Seven Years as a Slave

Did you know that in the early colonial period, a contract for indentured labor typically lasted seven years? People who were too poor to pay for their passage to the New World agreed instead to commit to servitude for a period of seven years, during which they paid off their debt.
Well, history tends to repeat itself. Probably because people forget it and therefore have to learn it again. How about a seven-year contract to pay off a car you are too poor to afford? writes Eric Peeters .
It is becoming the new normal – precisely for that reason. Increasingly, people can only afford a new car if the cost is spread over 84 months – seven years. That is understandable. By early May 2026, the average price paid for a new car will be just under $52,000 (an increase from about $50,000 just two years ago). There are several reasons for this, including inflation and the passed-on costs of Trump’s import tariffs, which are effectively taxes paid by the car manufacturer and subsequently passed on to the price of the car. (Some think that these import tariffs only make imported cars more expensive; this line of thinking assumes that domestic manufacturers, who do not pay import tariffs, will lower the costs of their cars. Of course, they do not. The only thing the import tariffs do is take the cheaper, imported alternatives to the more expensive, domestically produced cars off the market. Voilà! Now everything costs more.)
What does $52,000 a month amount to — not counting interest? Just under $600 a month. That is quite substantial. But what would it cost to pay off that same $52,000 car in five years? About $800 a month. Too much for most people. Now let’s go back in time to see what it would have cost to pay off this car in three years — which was quite common back when new cars were still available for $5,000.
That would be about $1,400 per month – and that explains why almost no one is able to pay off a new car in three or four years anymore.
There are a number of interesting aspects to all of this that go beyond the lease contract. The first thing that comes to mind is that, at the end of the term, the car will likely not even be worth half of what it originally cost. This depreciation is an additional cost of the lease contract. Half of $52,000 is $26,000 – and that latter amount is what it costs you in depreciation to pay off the car for 84 months. Add that to the costs of the lease contract. The total costs come to $78,000 – naturally, excluding the interest on the original lease contract. That is how much you will have to spend out of your own pocket after you have – finally – paid off the lease contract. At that point, you are the owner of a seven-year-old car that is probably no longer under warranty and will therefore cost you whatever it takes to have it repaired if it breaks down.
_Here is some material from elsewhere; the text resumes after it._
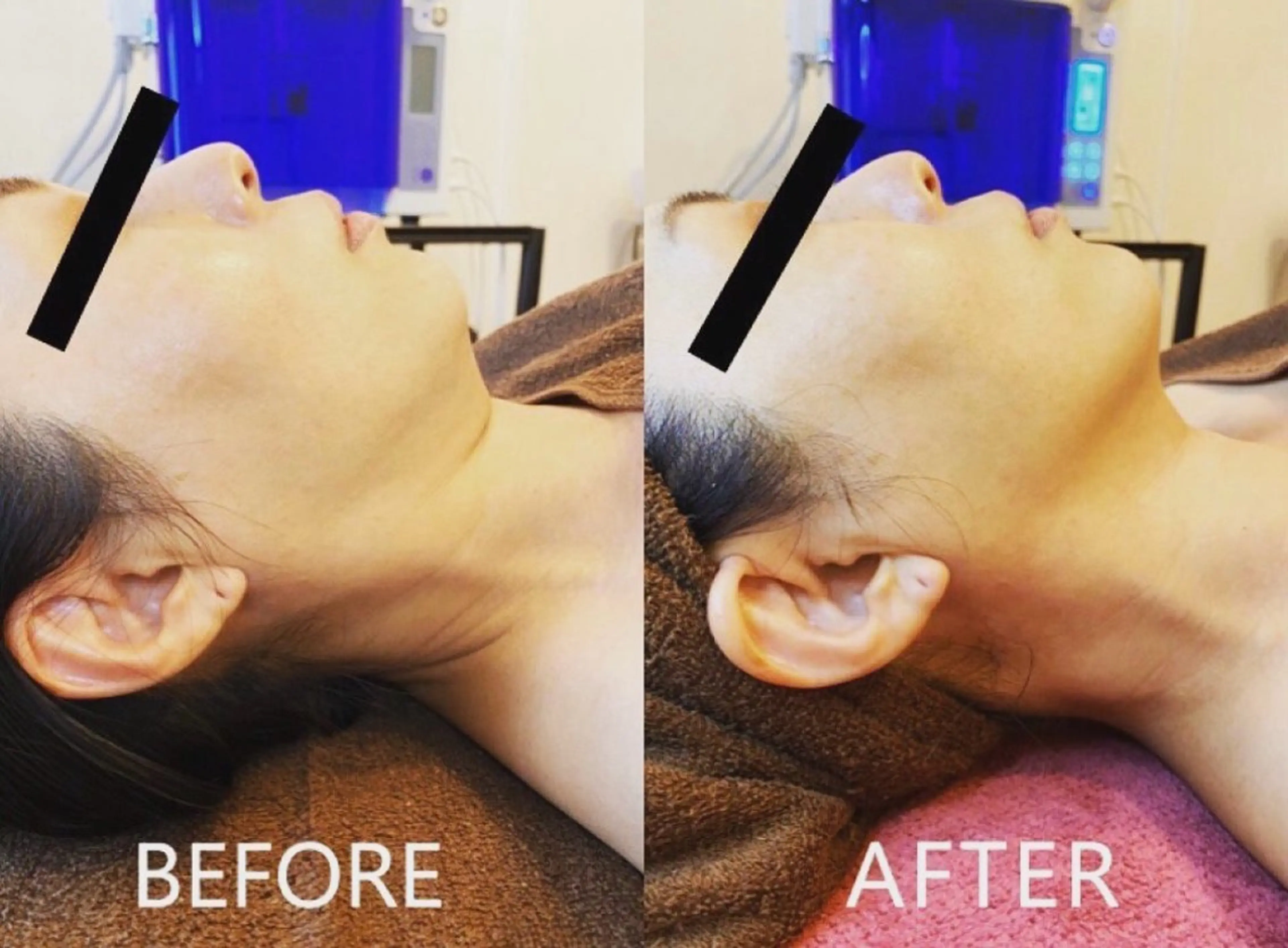 エステ 美肌フェイシャル・美肌脱毛 Di cuore所属・美肌専門 Di  cuoreのエステ・リラクイメージ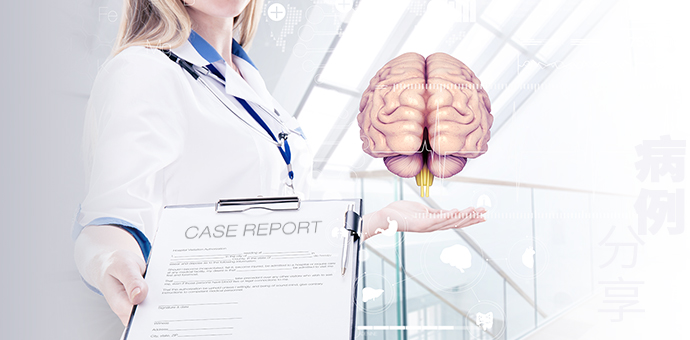  Misdiagnosis of Tentorial Dural Arteriovenous Fistulae: Two Cases Report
You will probably need a new financing agreement for that as well – since you likely do not have the money on hand to pay it, because you have already paid $78,000 over the past 84 months.
Interest, insurance – not including petrol.
In the past, when people usually paid off a new car in three or four years, the car did indeed lose value too – but not as much, because the car didn’t cost that much in the first place. Yes, inflation. But it is not just inflation. To be precise: it is not just that more dollars are needed today to buy comparable things; it is that most of us have fewer dollars to buy things with today. If wages had kept pace with inflation , then inflation would not matter. With a hundred dollars, you could buy the same thing you used to pay ten dollars for. The problem is that you now need 200 dollars to buy the same thing, and that is why it doesn’t seem like things cost more.
That is indeed the case.
It is also true that, in the old days, a car paid off after three or four years was likely already starting to show signs of wear – because 100,000 miles on the odometer back then was comparable to 250,000 miles on the odometer today. And yet, there was a difference. The car from the old days was likely still repairable, both practically and economically. Even fifteen years ago – a blink of an eye – you could still buy a brand-new GM TH350 automatic transmission (a widely used transmission in millions of GM cars from the past) for about $600. A new/reconditioned engine might have cost $1,500. That same transmission costs nearly $2,000 today, and a modern automatic for a contemporary GM car costs more than three times as much. A new engine costs $10,000.
In the ‘old days,’ most people could afford $600 for a new or reconditioned gearbox. Nowadays, very few people can afford that. The difference between then and now was that, generally speaking, you could keep driving that outdated car for many years after it was paid off. That is why almost every teenager had a car before the early 2000s. It might have been an old clunker . But it was a car . Many people who are now well into their twenties do not have a car—because old clunkers fall outside their price range, and if such a clunker breaks down, it is not worth the effort to repair it.
So people enter into a new contract.
And – unlike their colonial ancestors – they may never achieve freedom.